Problems relating to Trade and Investment on Indonesia

 
26. Others
Issue
Issue details
Requests
Reference
(1) Inadequacy of Infrastructure on Road and Transport - Due to the non-availability of public mass transportation, great congestions prevail within the Jakarta metropolitan area and its vicinity all the time. It takes time for movement of people and goods.
- Due to the heavy traffic congestions, transportation has been delayed.
- With special capital region of Jakarta at the hub, chronic traffic congestion prevails. It takes much time for moving from one place to other, severely interfering with running business.
- Great economic loss results from the idling, due to the chronic traffic congestion at every nook and corner of the special capital region of Jakarta.
- While GOJ led ODA, etc. overhaul of infrastructure is in progress, there is a far cry from perfection.
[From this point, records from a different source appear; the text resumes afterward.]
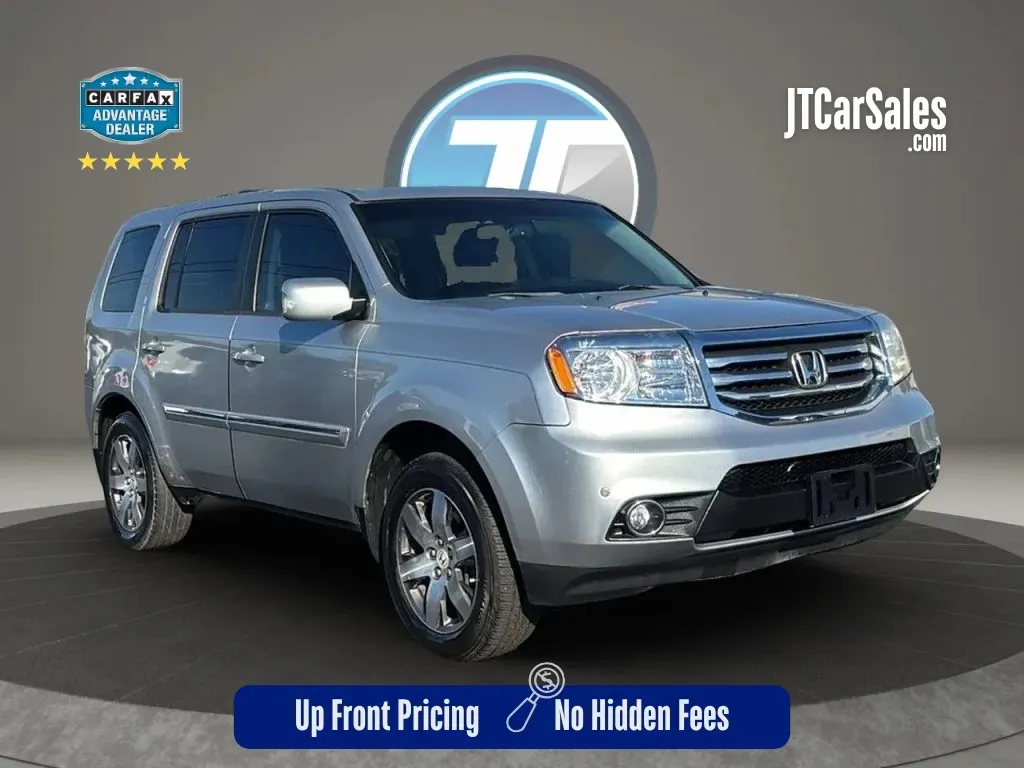 2012 Honda Pilot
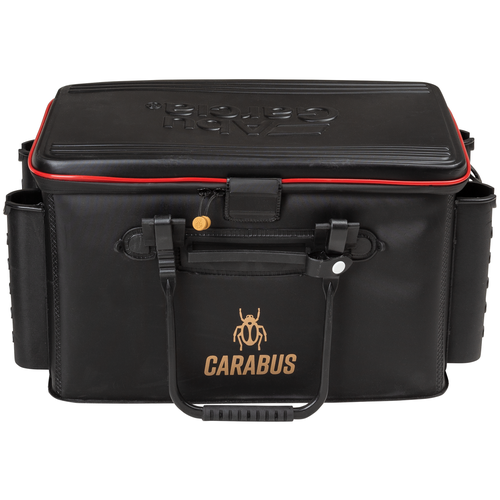 Abu Garcia, Сумка с держателем для 4х удилищ Carabus Bakkan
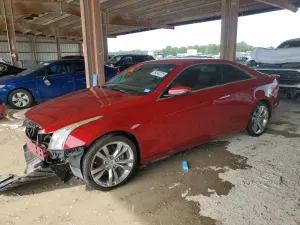Cadillac ATS 2.0L 4 2017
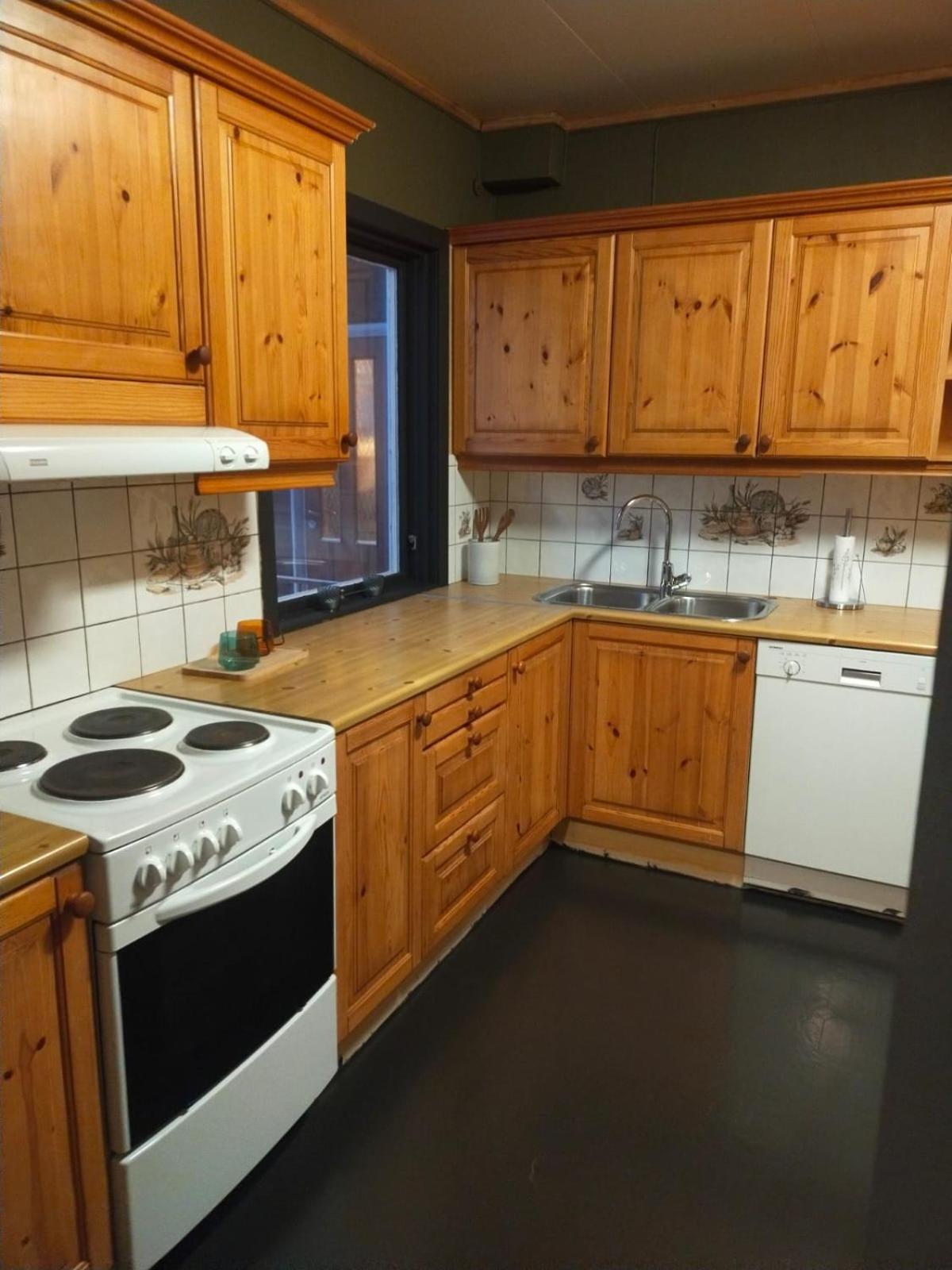 Leilighet Pa Sor Tromsoya Room photo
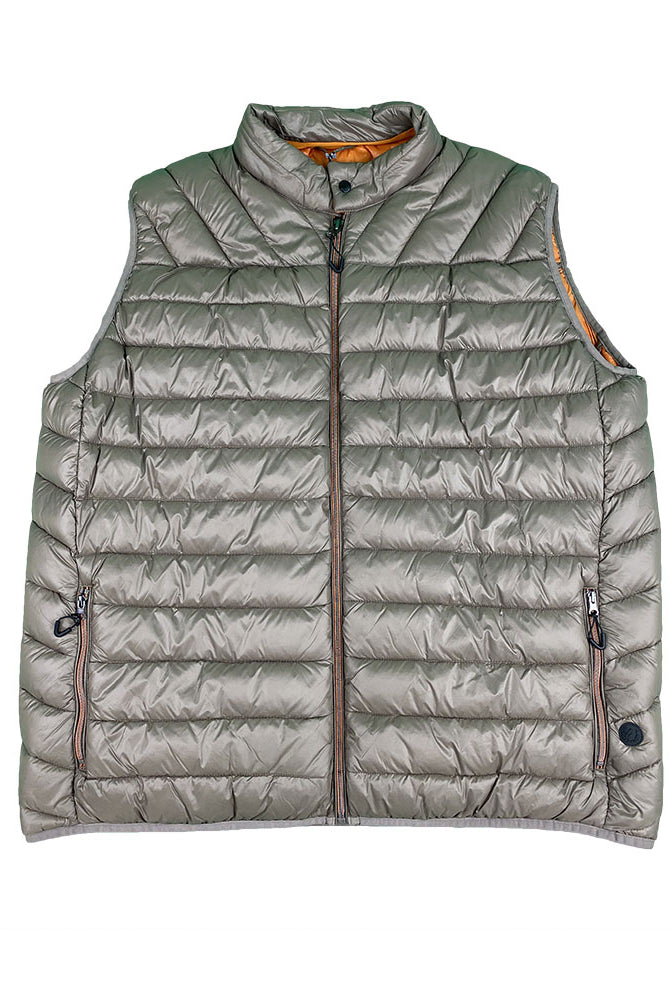 Gilet Uomo Ascot Extra Taglie
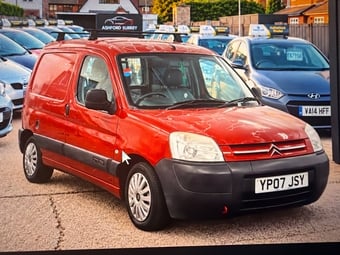 Citroen Berlingo 2007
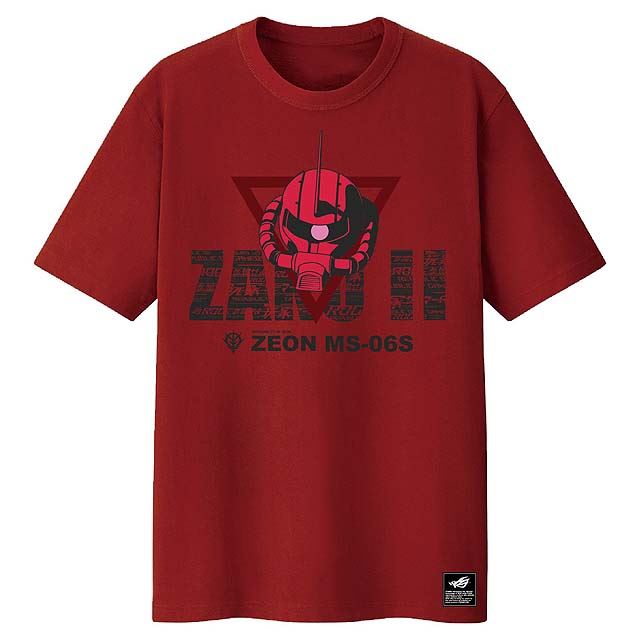 ROG T-Shirt ZAKU II EDITION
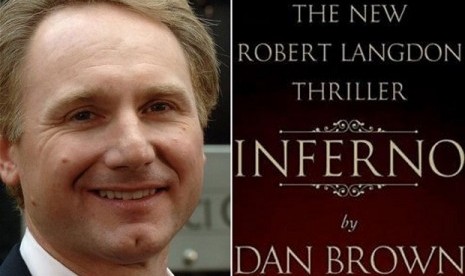 Dan Brown dan karya terbarunya Inferno 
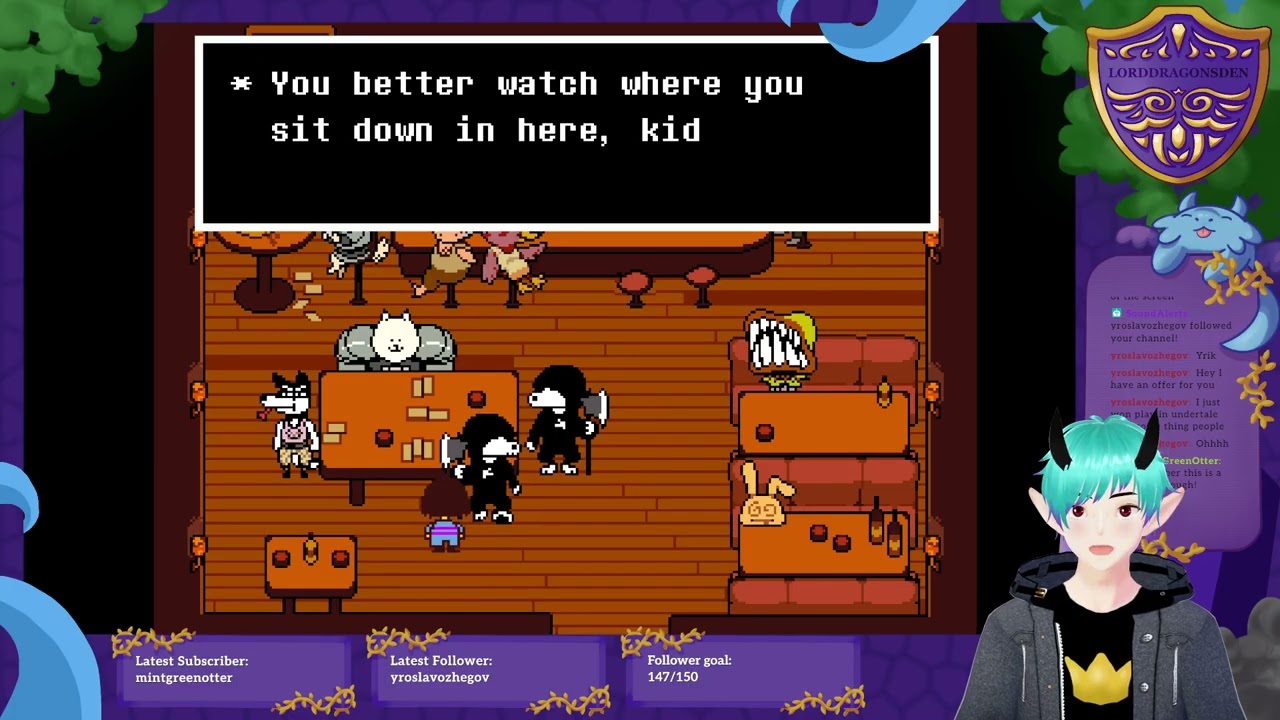 the feels... (Undertale #2)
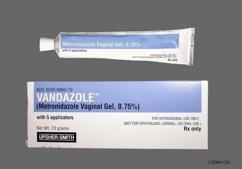 Vandazole Coupon - Vandazole 70g of 0.75% tube of gel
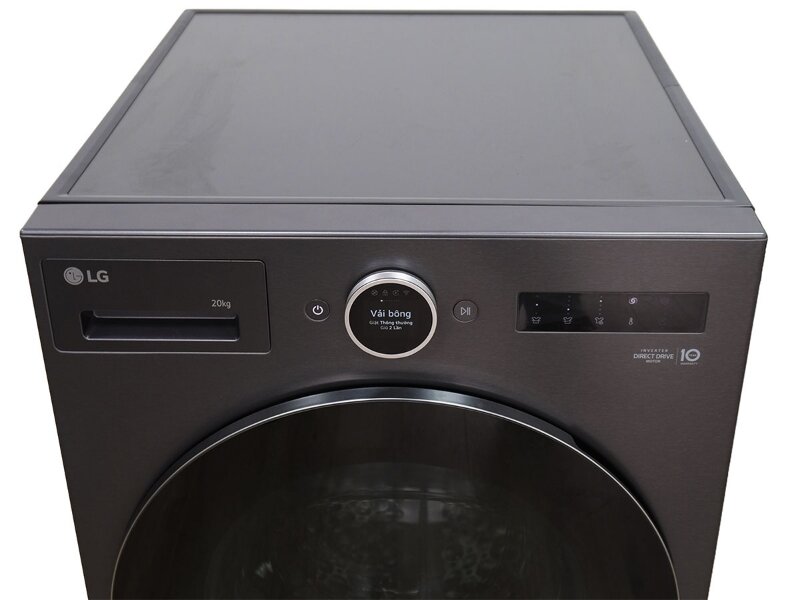 Máy giặt LG Inverter 20kg F2520SNTKA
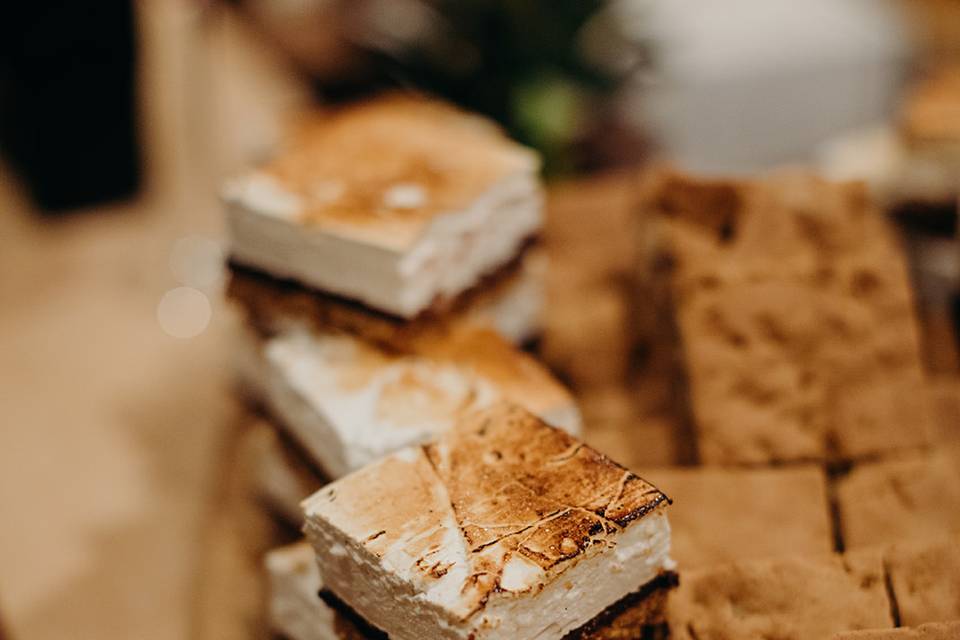 Biscuits and Berries Catering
There is no direct request for the moment.
- It is requested that GOI overhauls the public transportation, and makes effective traffic control toward elimination of the traffic jam.
- Construction of MRT has begun since 2014, due for completion by 2017. However, its coverage is insufficient and its continued development is mandatory.
- Ministry of Public Works (PU)
  (Action)
- For lack of proper harbor facilities, about 80% of ports in Indonesia are not efficiently operating. Some imported goods must therefore be routed via Malaysia and Singapore at extra cost and handling.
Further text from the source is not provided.